Jake Gyllenhaal sure needed it. Hugh Jackman's still got it. Prisoners, their tense new child abduction thriller had a strong opening weekend. It shouldn't come as a surprise, really. Hugh hasn't had anything like a true "flop" since Deception (2008) and The Fountain (2006). Even Australia, which people remember as a flop, would have been a hit all told with its solid global gross had it not had such a steroid-humongous budget. We'll discuss Prisoners in depth tomorrow (it's the type of movie that people will unfortunately "spoil" while discussing it enthusiastically so let's give it another night before we dive in) once we're past Emmy weekend.
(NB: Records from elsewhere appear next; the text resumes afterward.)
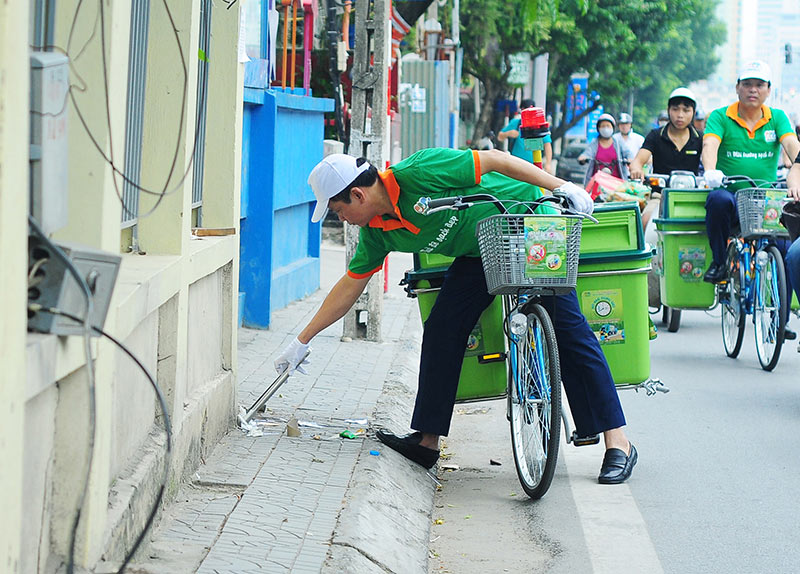 Lần đầu xuất hiện xe đạp gom rác trên đường phố Thủ đô - 1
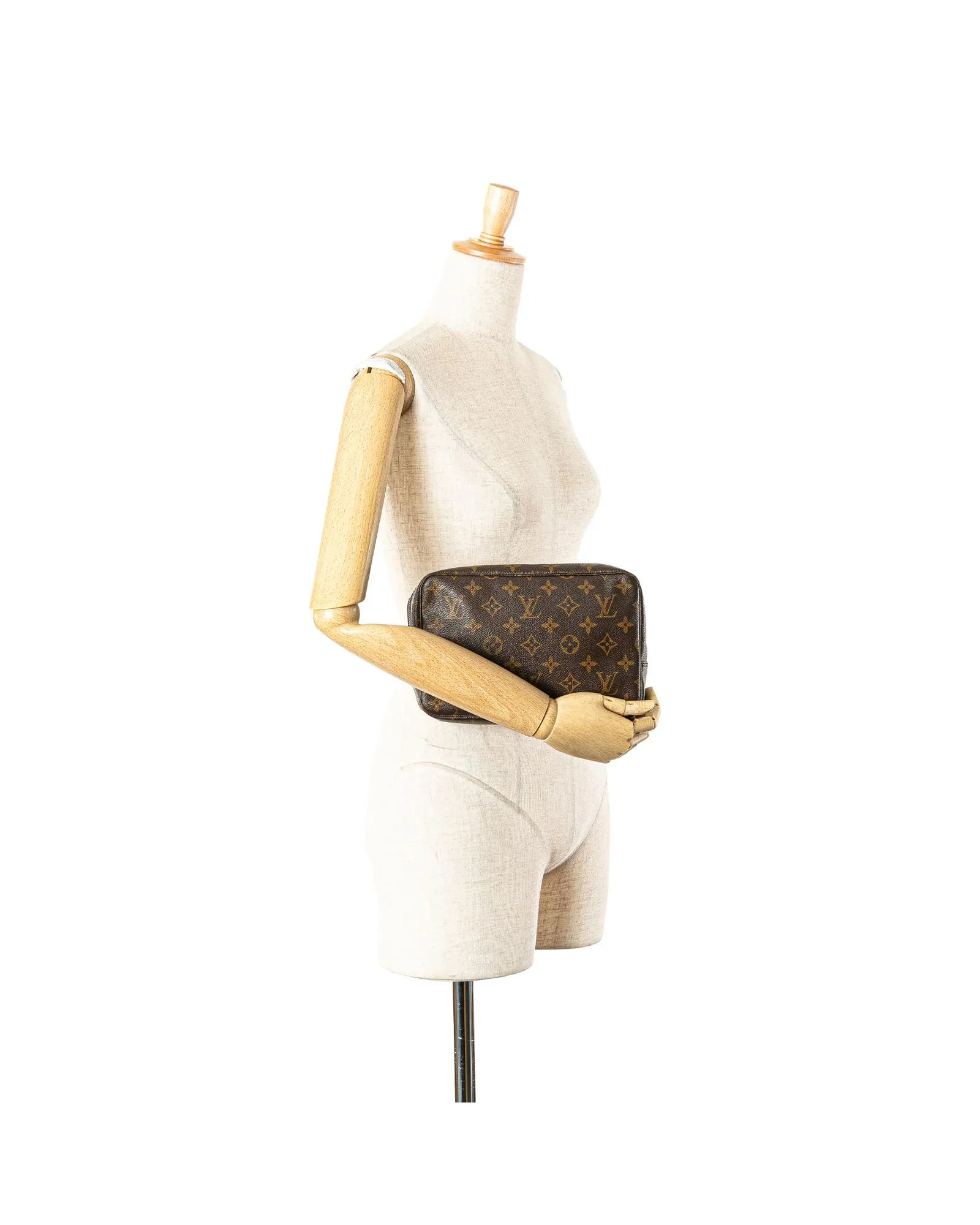 Preloved Toiletry Pouch 26 Monogram Canvas- Brown Clutches 11 Preloved Toiletry Pouch 26 Monogram Canvas- Brown Clutches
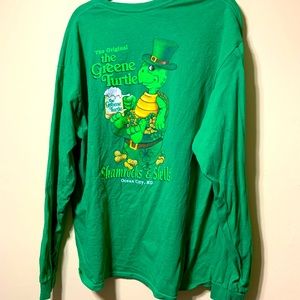 MensXL Green Turtle Shamrocks & Shells shirt
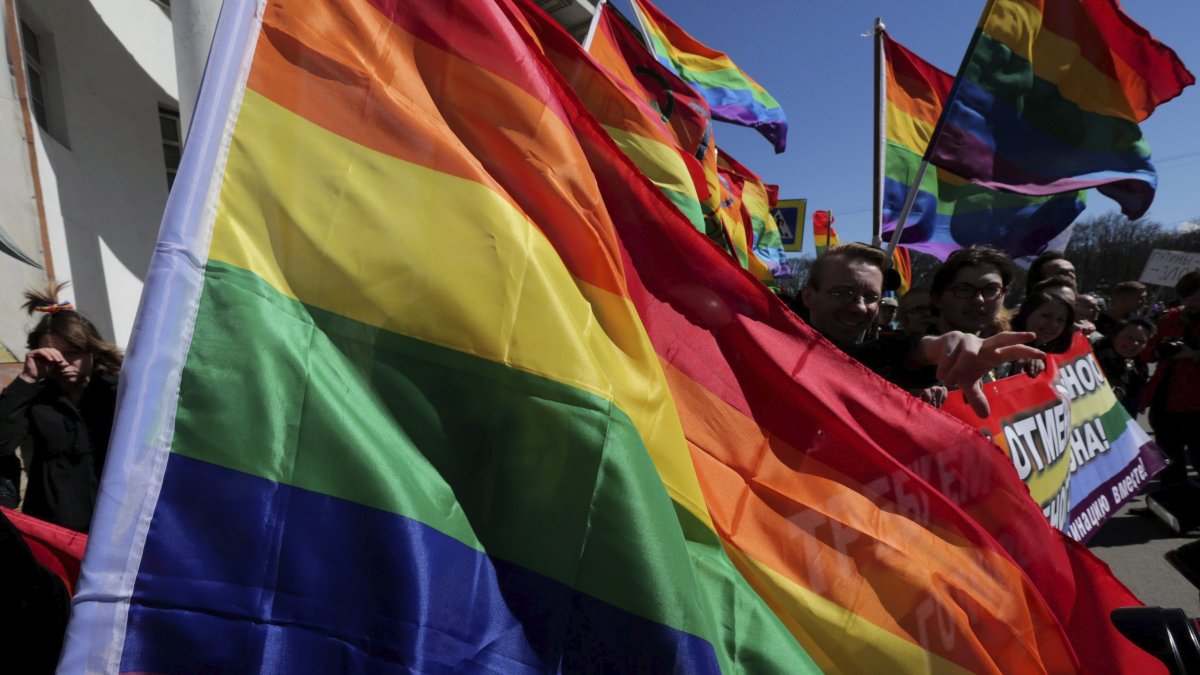Activistas LGBT marchan y gritan consignas durante las manifestaciones en otros paises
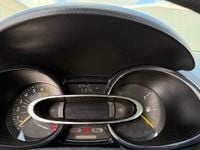 Gebraucht Renault Clio IV Authentique 73 PS (53 kW) 2016 Weiß Kleinwagen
marketed largely on Hugh Jackman, Prisoners turns out to be a true ensemble piece

WIDE RELEASE
01 Prisoners $21.4 
02 Insidious Chapter 2 $14.5 
03 The Family $7
04 Instructions Not Included $5.7
05 Battle of the Year $5
06 We're The Millers $4.6 
07 Lee Daniels' The Butler $4.3 REVIEWED 
08 Riddick $3.6 
09 Planes  $2.8
10 Percy Jackson 2 $1.8 

I ran into Joe Reid at the movies on Thursday and we talked about the tiny short shelf life of some movies. We were joking that people won't even remember that The Family ever came out by Friday. But here it is for the second week in a row in the top three grossers. So perhaps we were wrong. I haven't had the time (or, more pointedly, the heart) to write up the movie. I will say that Pfeiffer, DeNiro and Jones are good enough with the material but none inspired by it. What prompted them to make it beyond the paycheck? The fault lies with Luc Besson and the writing since it's such an unwieldy and even ugly mix of tones, swerving from heartfelt drama to black comedy to slapstick to god-only-knows what in nearly every scene with none of the dramatic empathy or comic inspiration that it would need to survive its indecisiveness and total mediocrity.
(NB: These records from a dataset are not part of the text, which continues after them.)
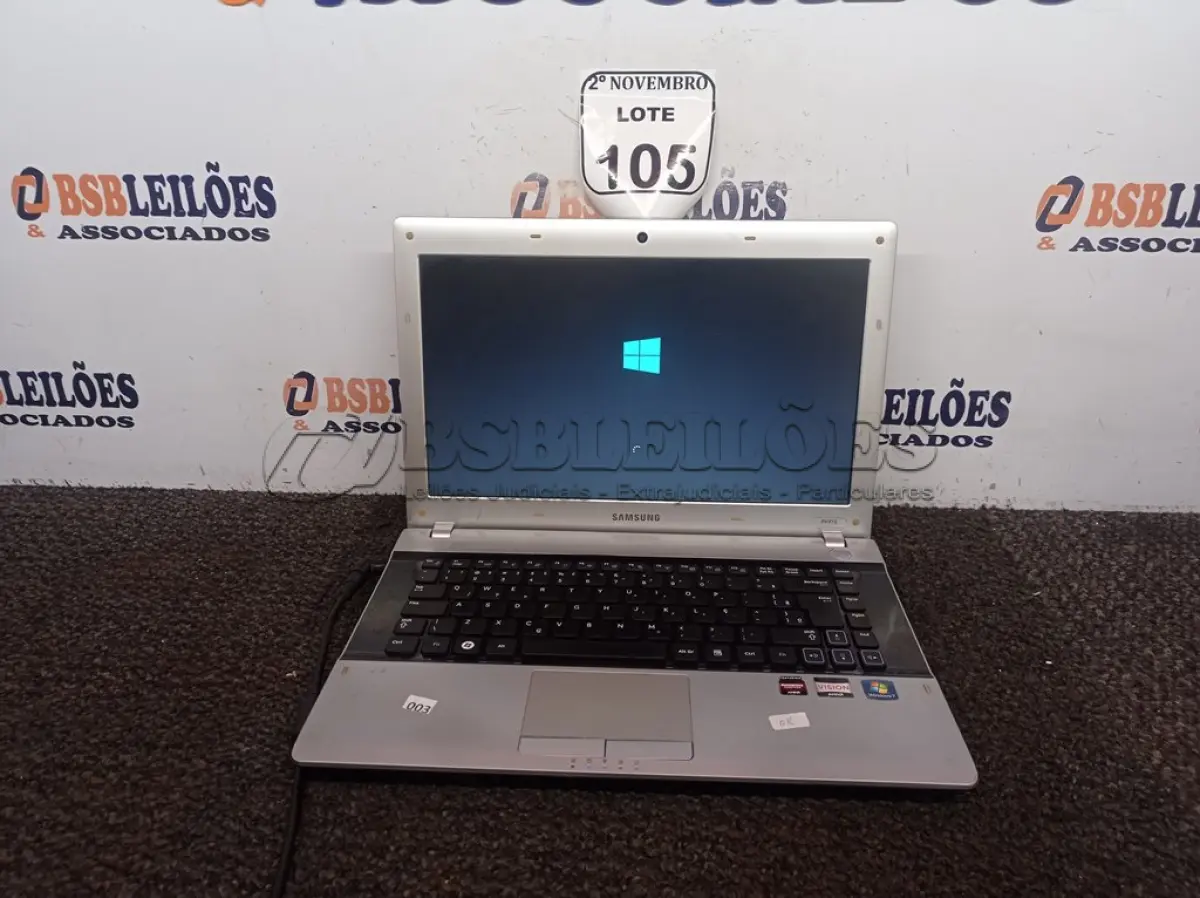 LOTE 105 - 01 NOTEBOOK MARCA POSITIVO. (NO ESTADO) ATENÇÃO! FAZER A VISITAÇÃO ANTES DE ARREMATAR, NÃO SABEMOS SE FUNCIONA. LEILÃO NÃO TEM GARANTIA E NEM DEVOLUÇÃO, SUJEITO A POSSÍVEIS AVARIAS VISÍVEIS/OCULTAS E/OU AUSÊNCIA DE COMPONENTES.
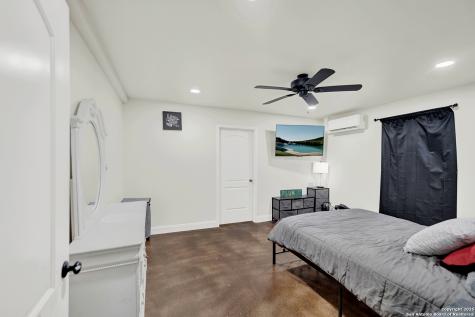 149 County Road 256 Floresville TX 78114
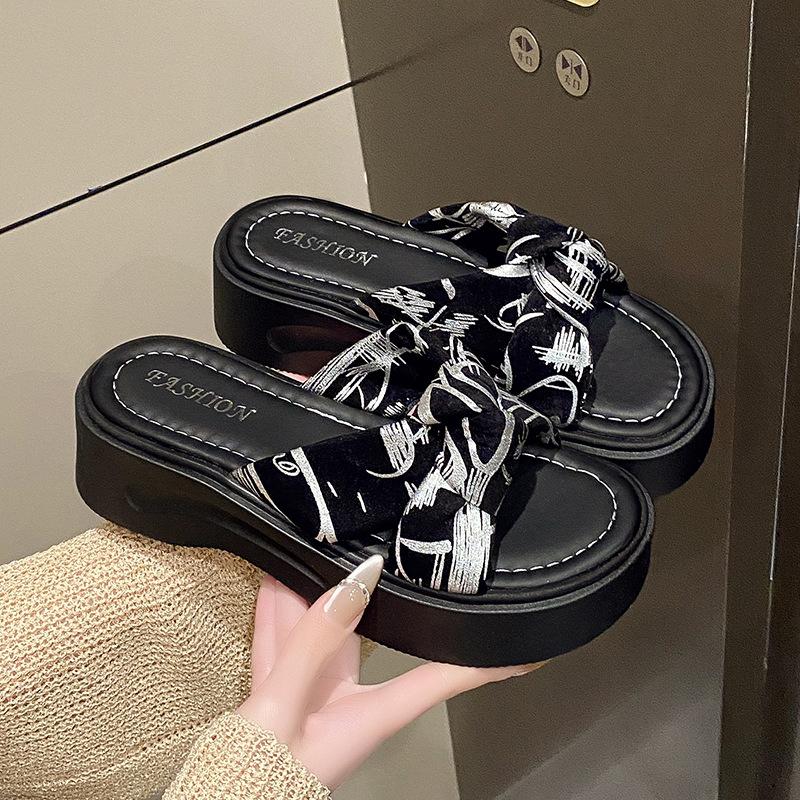 Gentle Matching Skirt Platform Slippers Women's Summer Wear 2025 New Muffin Cool Slippers Soft-soled Beach Shoes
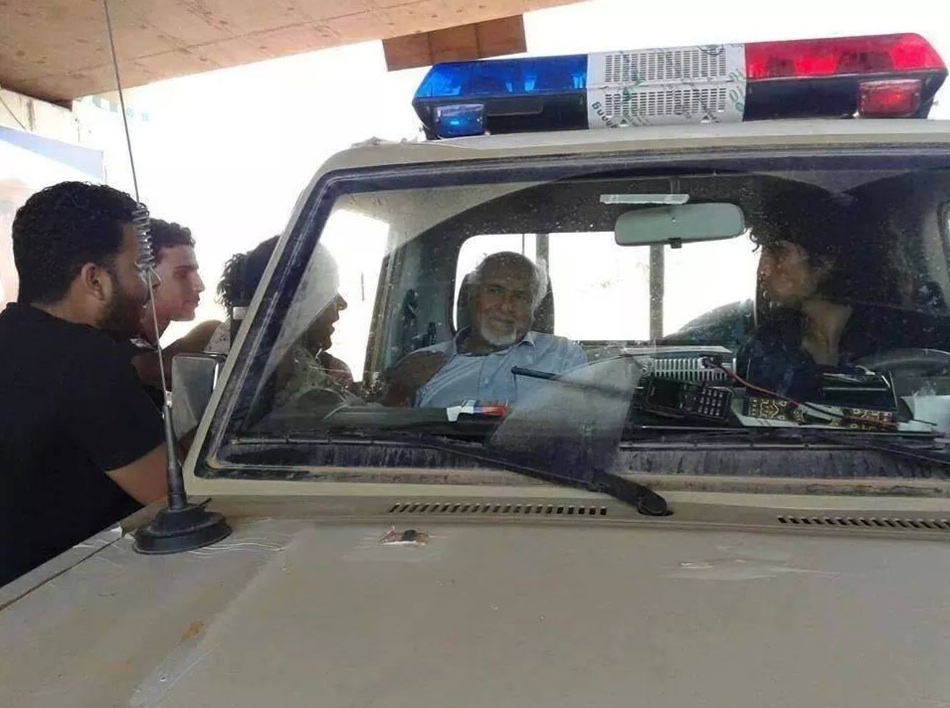 Congressman Suleiman Zubi being driven off after his release yesterday (Photo: Social media)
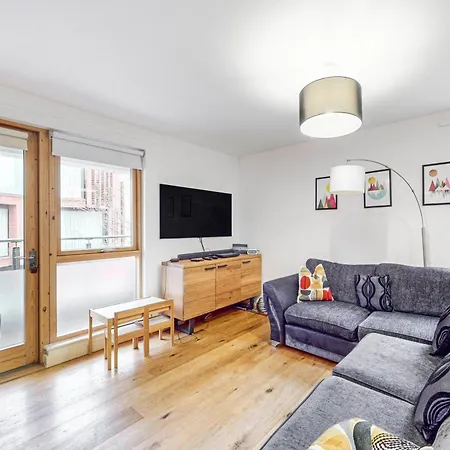Modern 2bed - 5min To Highbury & Islington Station London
Mother & Robot. After school.

P.S. The only moments of joy I felt watching the movie was a couple shots of an endearing beautiful dog (named "Malavita" - ha!) and every shot of La Pfeiffer as it came with tiny flashes of nostalgia from the 80s classic Married to the Mob wherein the goddess was also comically cavorting with gangsters.

P.P.S. Dianna Agron is awful but I actually think she has the film's most impossible role and I can't believe I'm saying this but it needed someone of Chloe Moretz's total "f*** you" adolescent confidence and technical skill - she can fake human-like responses when she has to. Agron can (sort of) "act" confidence but she's like a robot when it comes to emotions; they do not compute.

LIMITED or STILL PLATFORMING
01 Wizard of Oz IMAX 3-D $3
02 Thanks For Sharing $.6
03 Enough Said $.2
04 Rush $.2 REVIEWED
05 Short Term 12 $.1 REVIEWED (cum $.7)

Having recently rewatched The Wizard of Oz for the millionth time for Hit Me With Your Best Shot I didn't feel the need to see it on the big screen again (I've done that several times, too). But did you? In other news, I fear that Short Term 12 is not long for this world, encountering its first dip during its gutsy and beautiful weekly expansion... so get out there and see it, people. Support movies that are crafted with everything BUT box office on their minds, and we'll get better movies!

What did you see this weekend? And was it money well spent?